Tolan has made his way past the first test and continued on to his second year at the academy along with his two friends. No longer plagued by doubts about whether he belongs at the academy, Tolan continues to study and learn how to better connect to his growing magic. While he has grown in power with fire, he still struggles to connect with the other elements and if he can’t figure out a way, his journey at the academy will come to an end.

However, he finds himself once again embroiled in plots much bigger than himself. He discovers a potent artifact that grants him greater connection to the elemental power he wields. But little does he know, the power he has found is being sought by those who seek to destroy the academy and release the elementals. 

 Overall, this book felt nearly identical to the first book in terms of pace, character development and discovery by the main character. Tolan didn’t really develop and grow as a character at all from the first book. The only thing that really changed was his understanding of elementals. Even with that increase in knowledge he still can’t seem to understand what he does.

I felt like the author doesn’t really know how his magic system works. There are parts of the story that feel so contradictory. One minute the main character has this insight, but the very next scene he reverts back to this ignorance of his magic, it’s super hard to follow as a the reader and kills the “magic” of the magic system. 
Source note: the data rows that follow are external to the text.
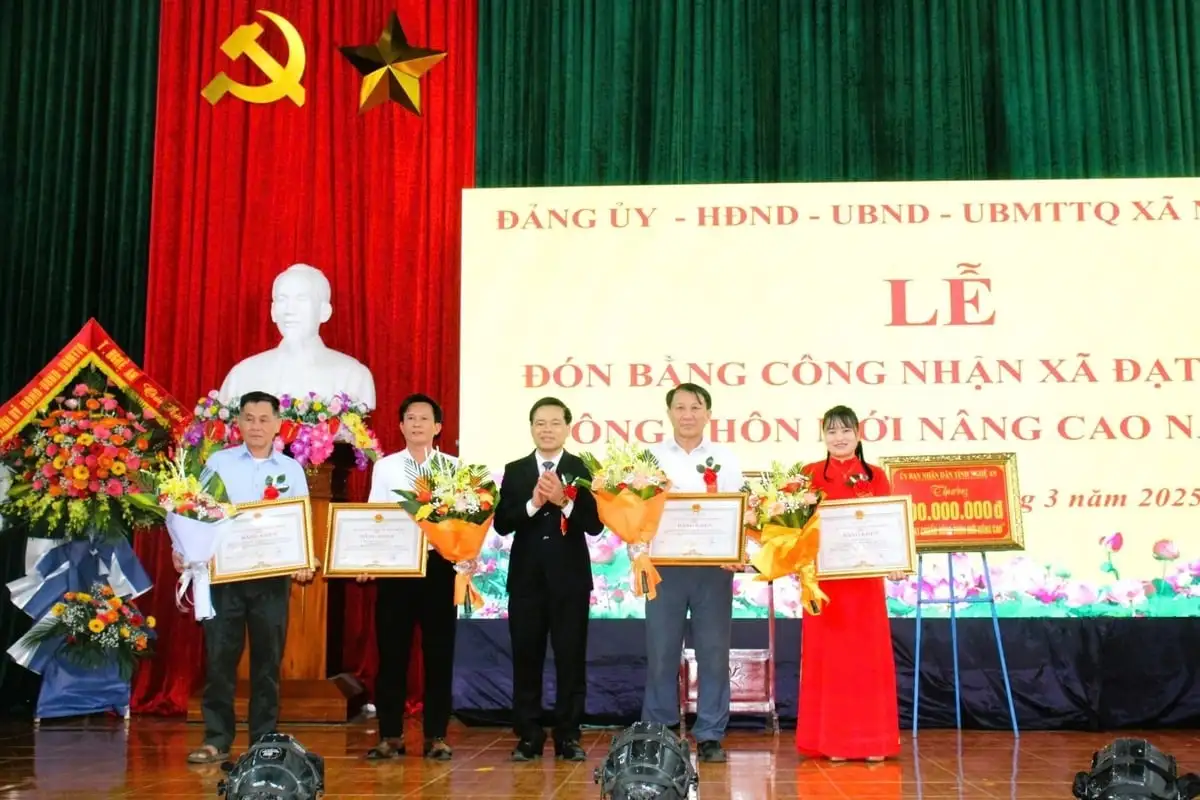 Xã miền núi đầu tiên của huyện Quỳnh Lưu đạt chuẩn nông thôn mới nâng cao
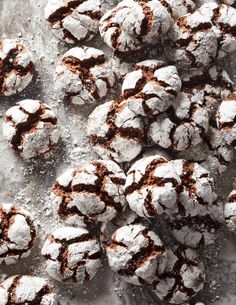 chocolate crinkle cookies with powdered sugar on top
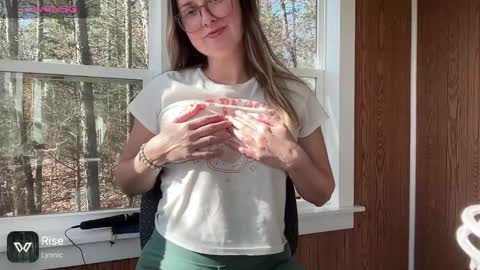 Snapshot of wanderlustjade chatting on December 10, 5:33 pm Jade online show from December 10, 5:33 pm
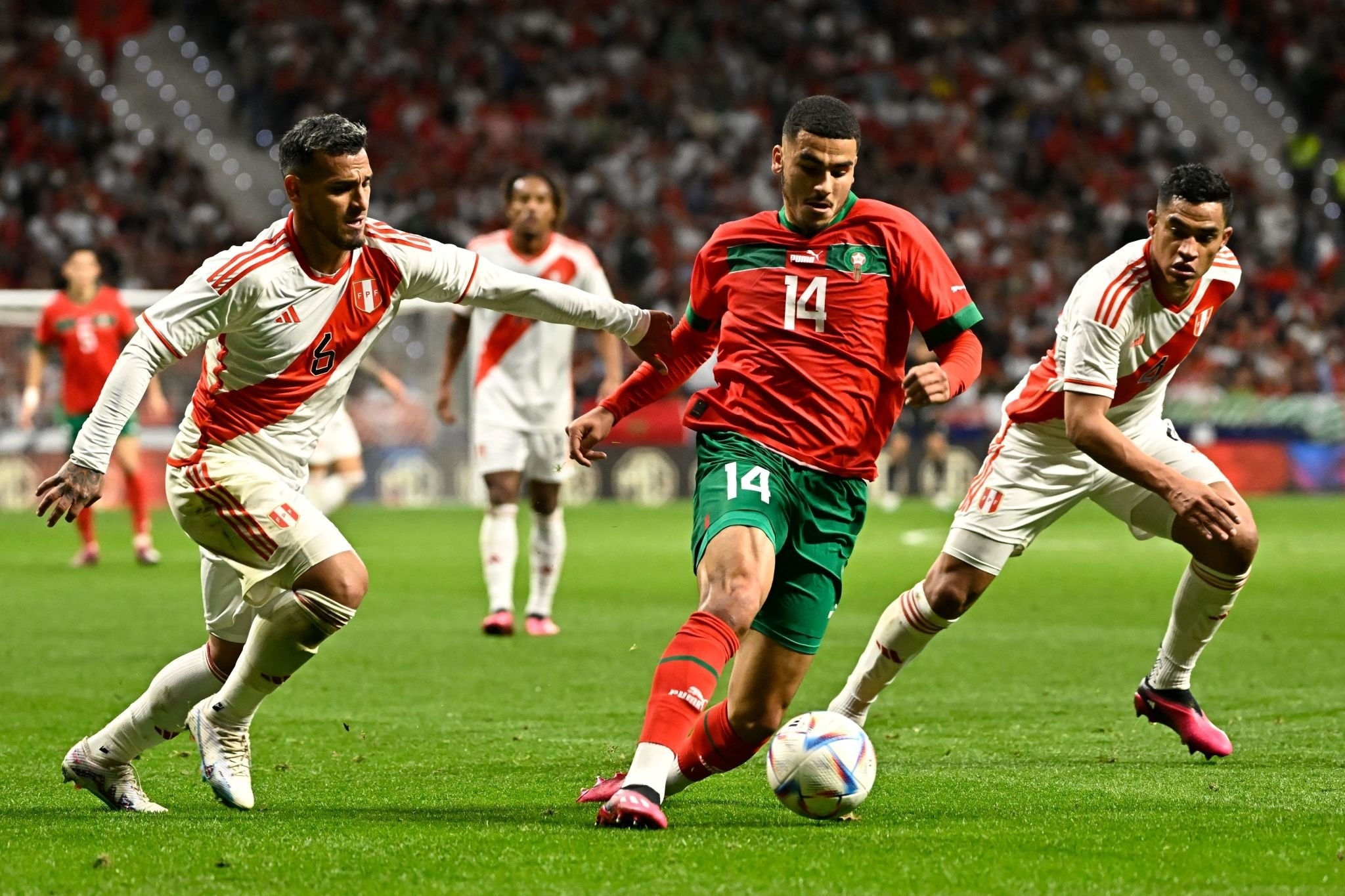 زكرياء أبو خلال من مباراة المنتخب المغربي وبيرو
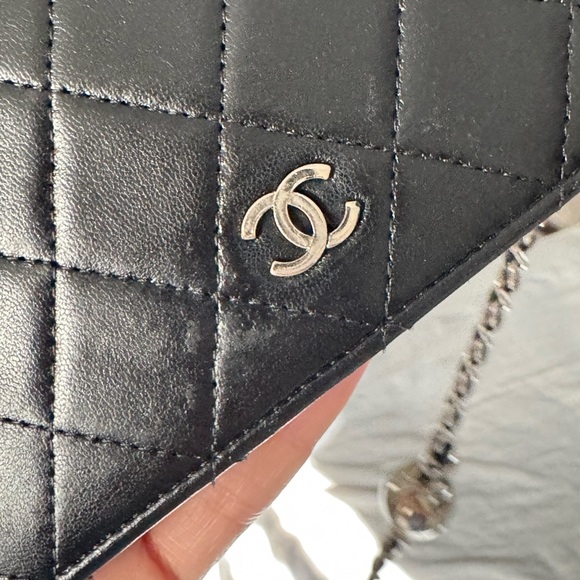 CHANEL Black Wallet with Chain - Picture 13 of 14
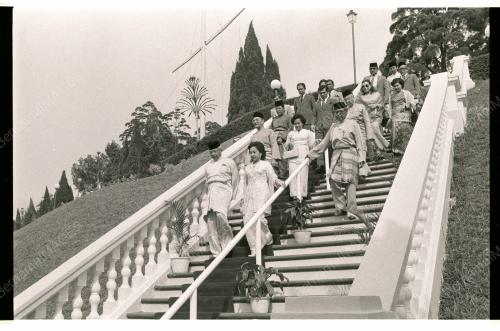 AGONG JAMUAN TEH ISTANA NEGARA
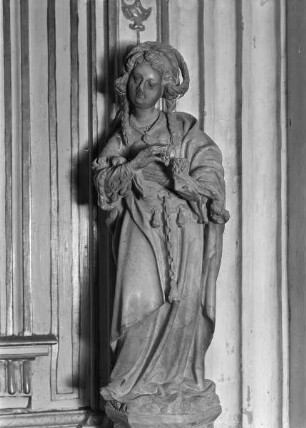 Altarbekrönung, 1. Figur von rechts: Heilige Maria Magdalena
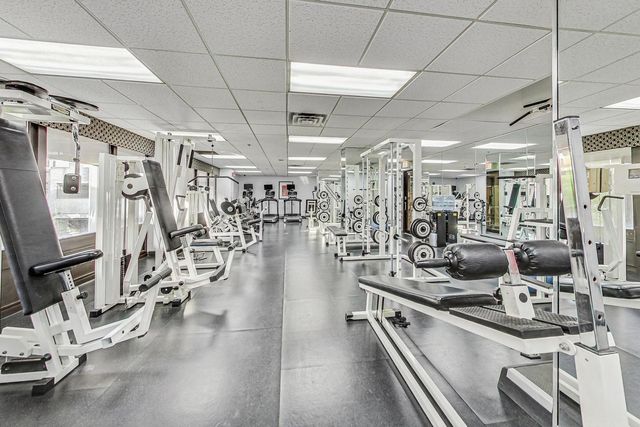 5320 N Sheridan Road 2507, Chicago, IL 60640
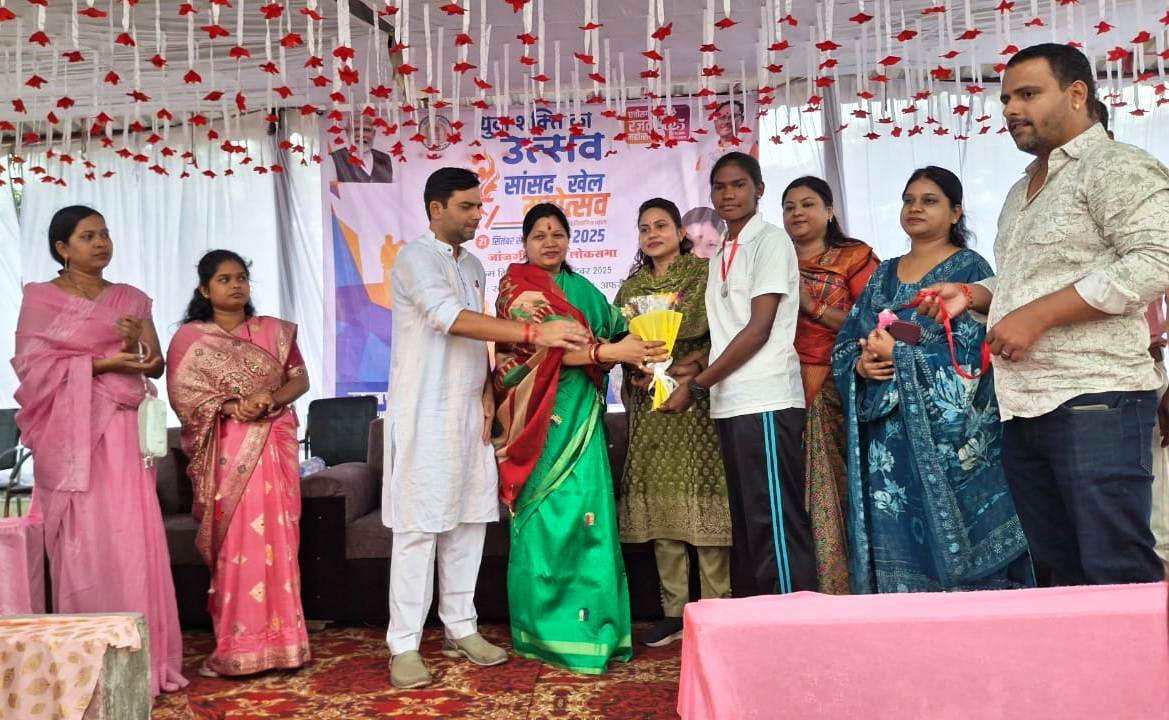 विकासखण्ड बम्हनीडीह में हुआ विकासखण्ड स्तरीय सांसद खेल महोत्सव का आयोजन...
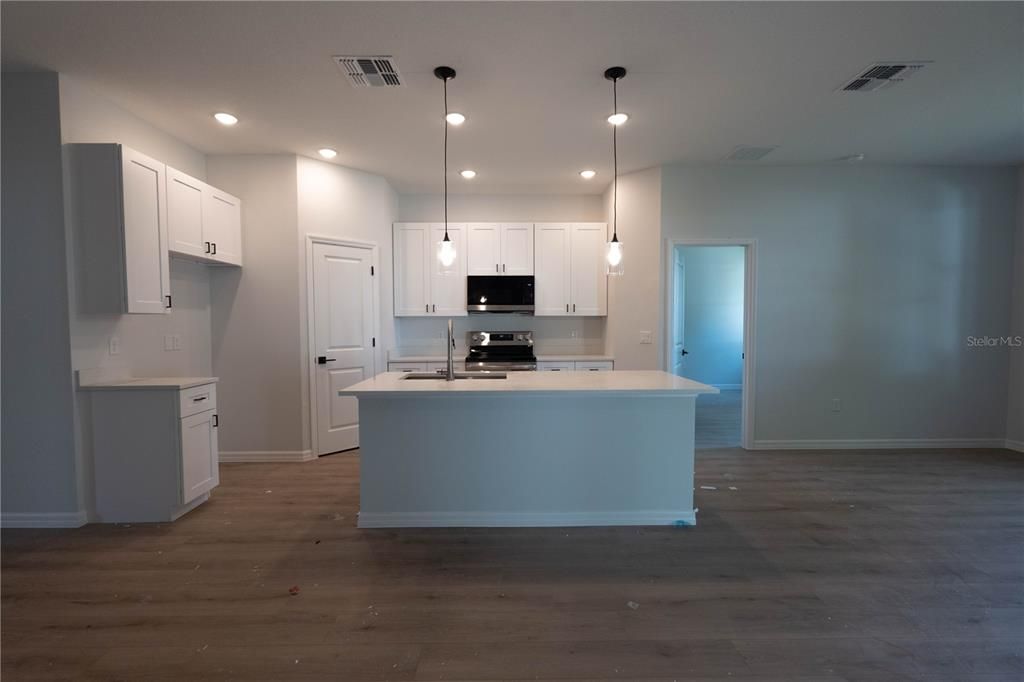 For Sale: $345,000 (3 beds, 2 baths, 1543 Square Feet)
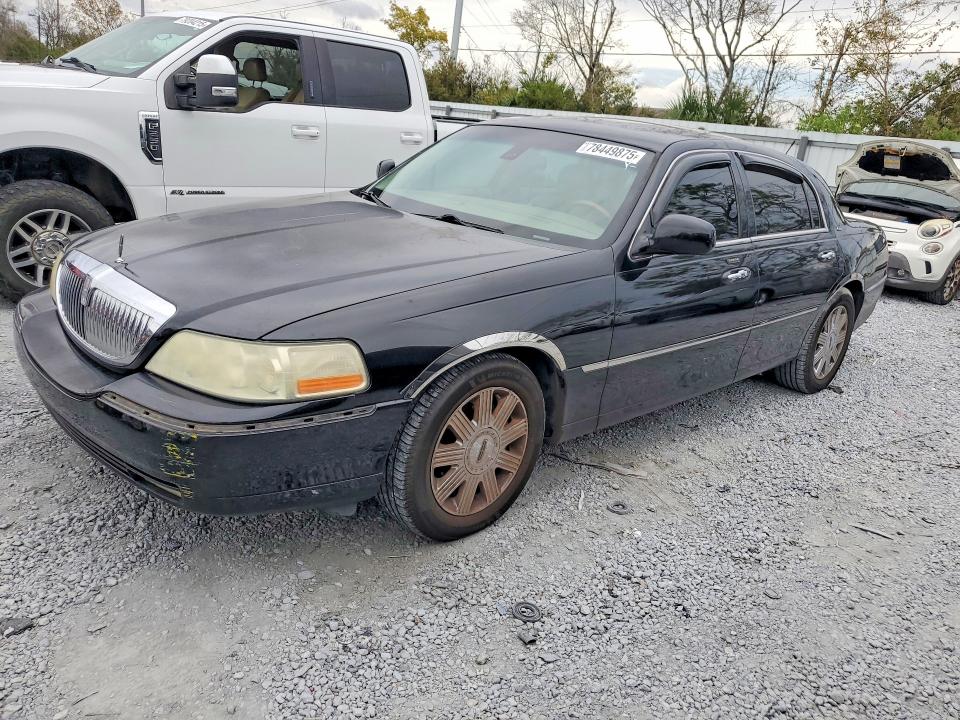 Photo 1 from auction – 2003 LINCOLN TOWN CAR with VIN 1LNHM83W13Y630827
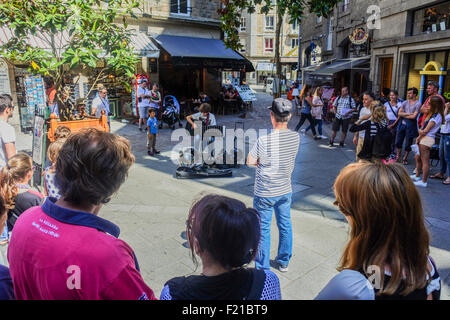 Intrattenitore sulle strade di St Malo, Bretagna Francia Foto Stock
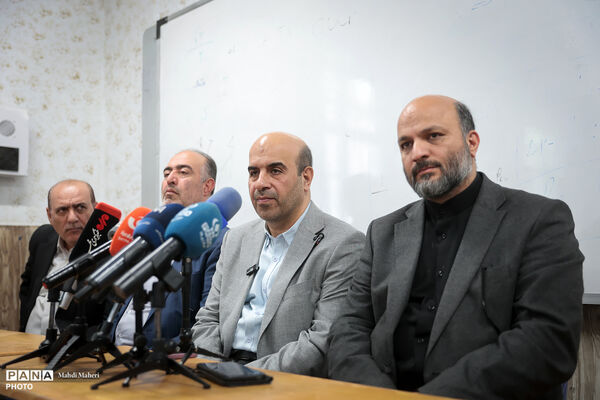 مراسم آغاز نصب نیروگاه خورشیدی در 12 هزار مدرسه سراسر کشور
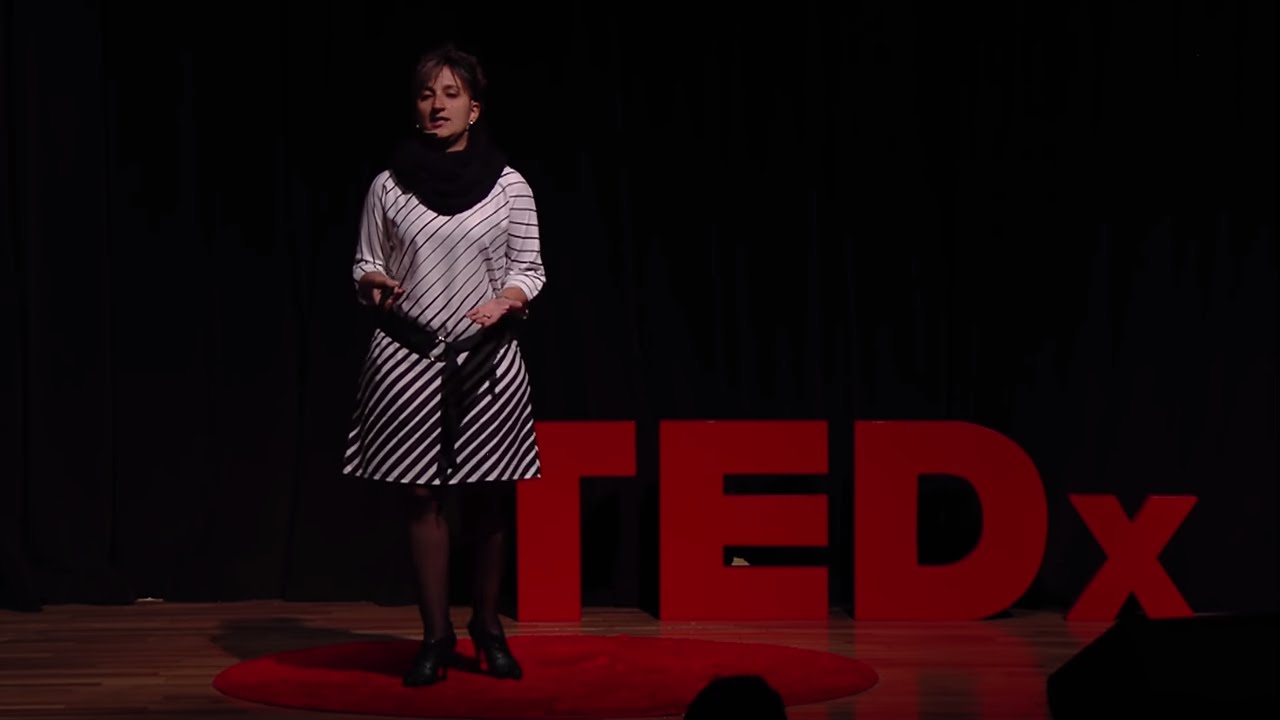 What I learned with refugee women | Gabriela Ferraz | TEDxLaçador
The character development was incredibly lacking this story. You learn a few things about his past, but his friendships with Ferrah and Jonas haven’t changed at all, he still doesn’t trust them to share his experiences, he hides things from them. Where Jonas was attached to him in the first book, somehow Tolan goes days without seeing his friend and when he finally does there is some basic conversation about what’s been happening. 


For the most part, everything that wasn’t good about the novel writing in the first book has continued on into this book, but without the initial discovery of the world that the reader experiences in the first book. I realized that it isn’t just a trilogy, but is in fact a much larger series. Since I have books 1-3 I’ll probably finish the third book, but I really don’t know if I would continue reading. 

I would not strongly recommend this series. If someone wanting to look at a school based series, they could learn things from this as far as using classes to explain magic and the world, without it feeling as if the author is just info dumping, but that’s probably the only reason I would tell someone. With that being said, other books, like Name of The Wind, do a much better job at the school system, and have a better story.